12. A network resource balancing device, characterized in that, include: Transceiver and processor; The transceiver is used to acquire network performance monitoring data for each network slice service at preset intervals. Based on the network performance monitoring data and the service level agreement (SLA) metric signed for each network slice service, obtain the dataset to be optimized and the dataset used for optimization. The processor is used to match the data set to be optimized with the services corresponding to the same indicators in the data set used for optimization, and to determine the target service matching pair for each indicator in the data set to be optimized; First information of the target service matching pair is determined, and a resource balancing scheme is determined based on the first information. The first information includes the matching degree of the target service matching pair, or the first information includes the matching degree and resource overlap of the target service matching pair. The transceiver is also used for: Based on the network performance monitoring data and the service level agreement indicator (SLA) signing value corresponding to each network slice service, a first dataset and a second dataset corresponding to the current period are determined. The first dataset includes the dataset corresponding to services whose SLA indicator values ​​are worse than those of the previous period but better than those of the previous period in the network performance monitoring data. The second dataset includes the dataset corresponding to services whose SLA indicator values ​​are better than those of the previous period in the network performance monitoring data. Determine the first target dataset for the next period corresponding to the first dataset, and determine the second target dataset for the next period corresponding to the second dataset; The dataset to be optimized is determined based on the first target dataset, and the dataset used for optimization is determined based on the second target dataset.
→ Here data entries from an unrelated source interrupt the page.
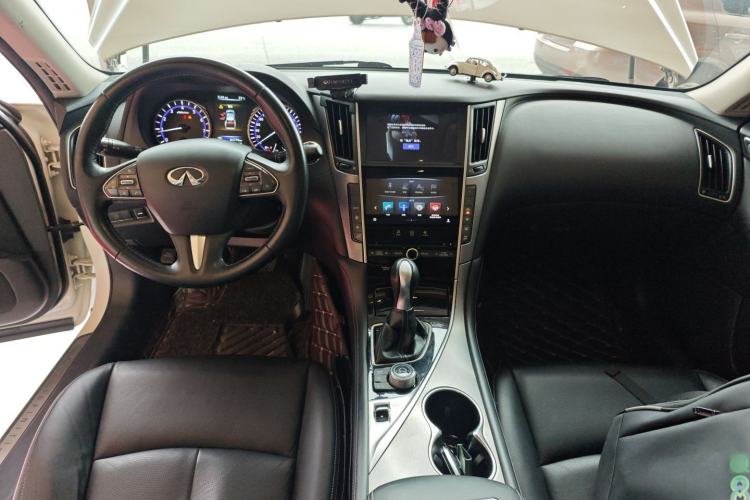 Used Infiniti Q50L 2015 2.0T Enjoyment Edition
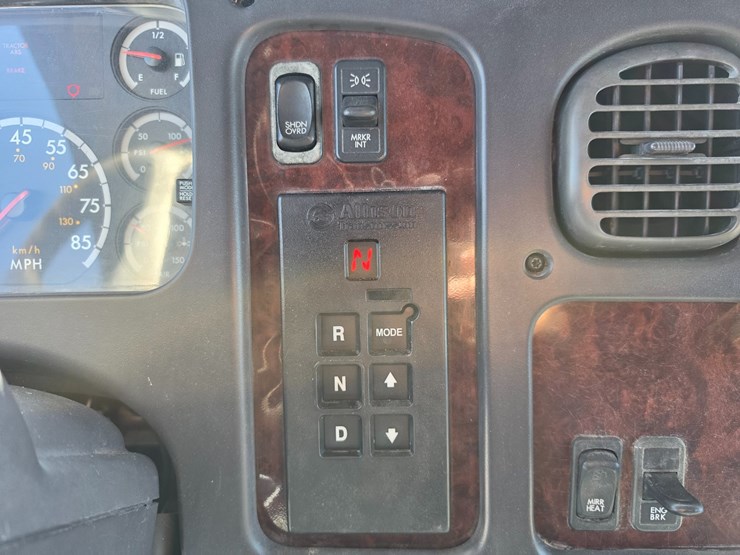 2007-freightliner-m2-106-image-62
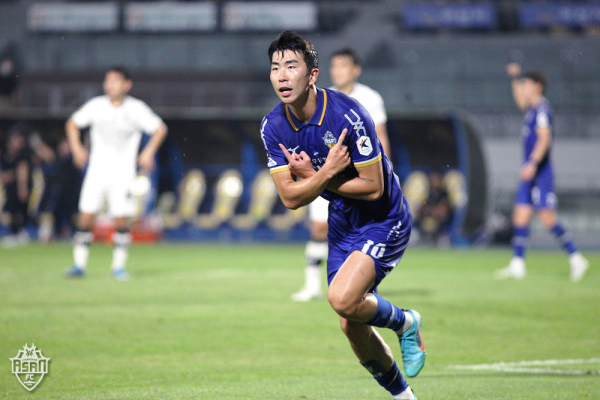 충남아산프로축구단 경기 모습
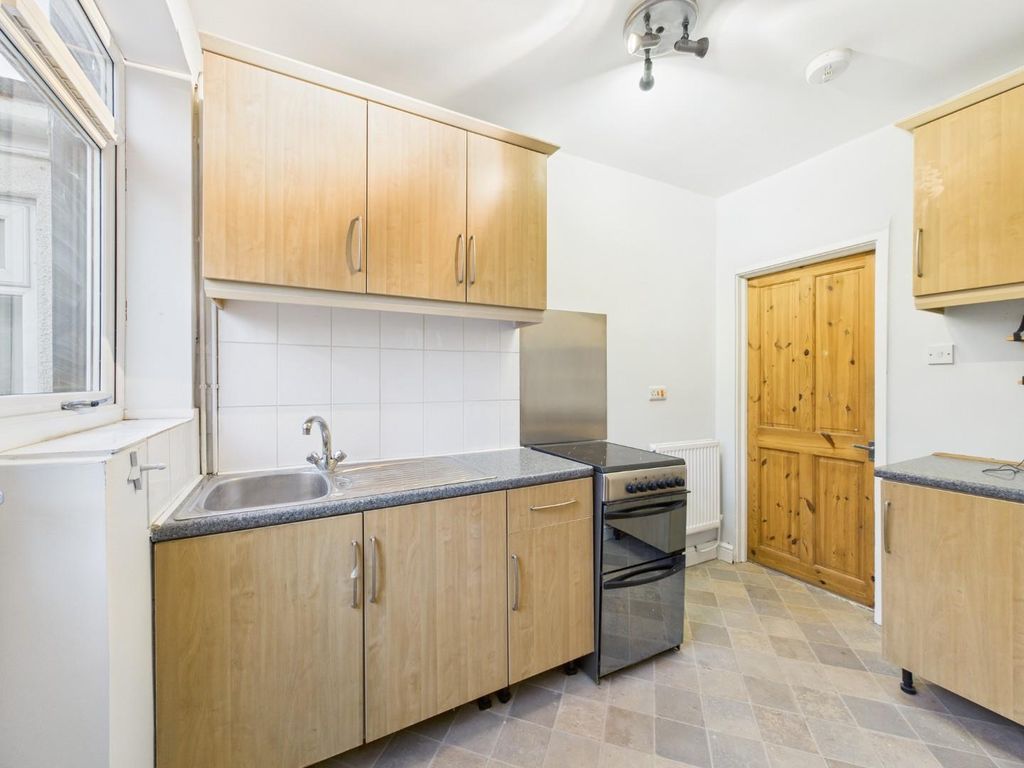 Property photo 2 of 9 Cam01238G0-Pr0585-Still015.Jpg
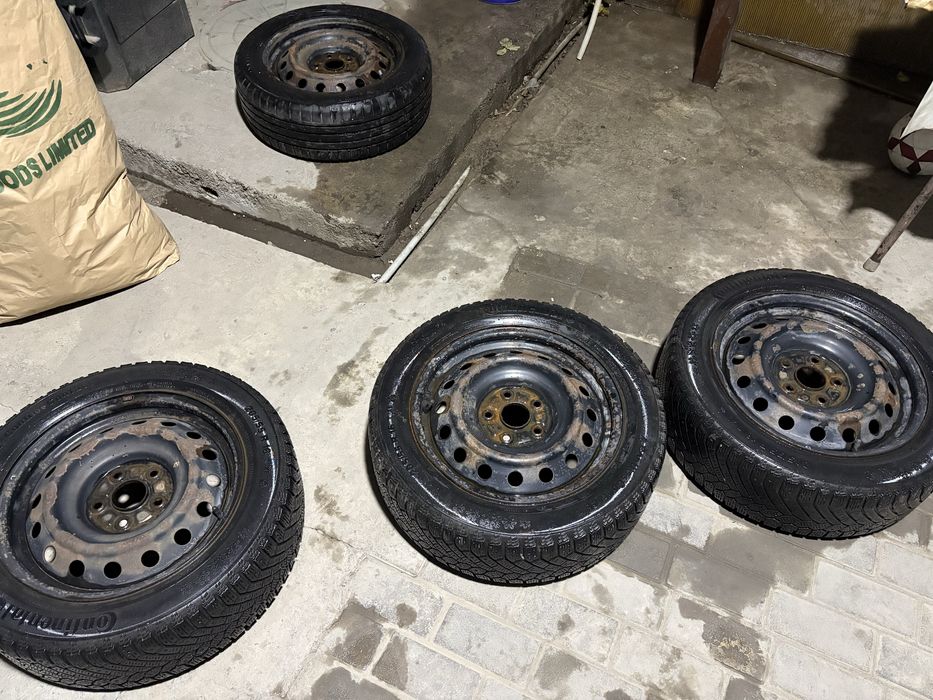 Продам зимние шины с дисками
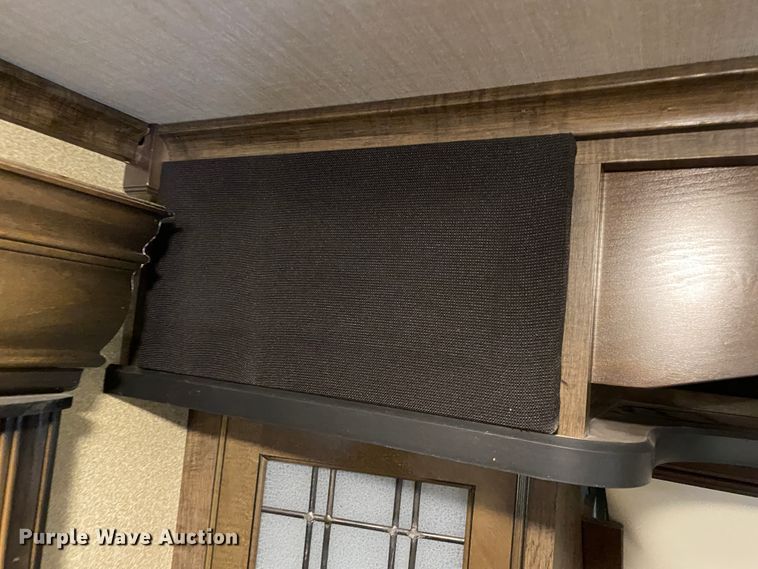 image for item JN9253 2018 Grand Design Solitude  camper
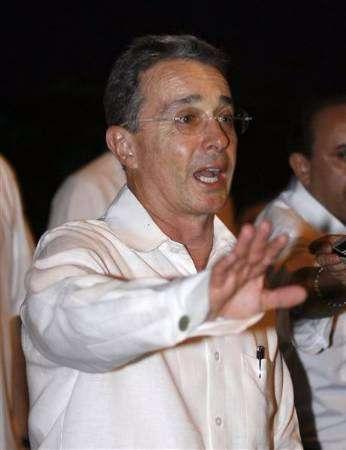 اصابة الرئيس الكولومبي الفارو اوريبي بانفلونزا الخنازير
13. A terminal, comprising: A transceiver, a processor, a memory, and a program or instructions stored in the memory and executable on the processor; characterized in that, when the processor executes the program or instructions, it implements the network resource balancing method as described in any one of claims 1-10.

14. A readable storage medium having a program or instructions stored thereon, characterized in that, When the program or instructions are executed by the processor, they implement the steps in the network resource balancing method as described in any one of claims 1-10.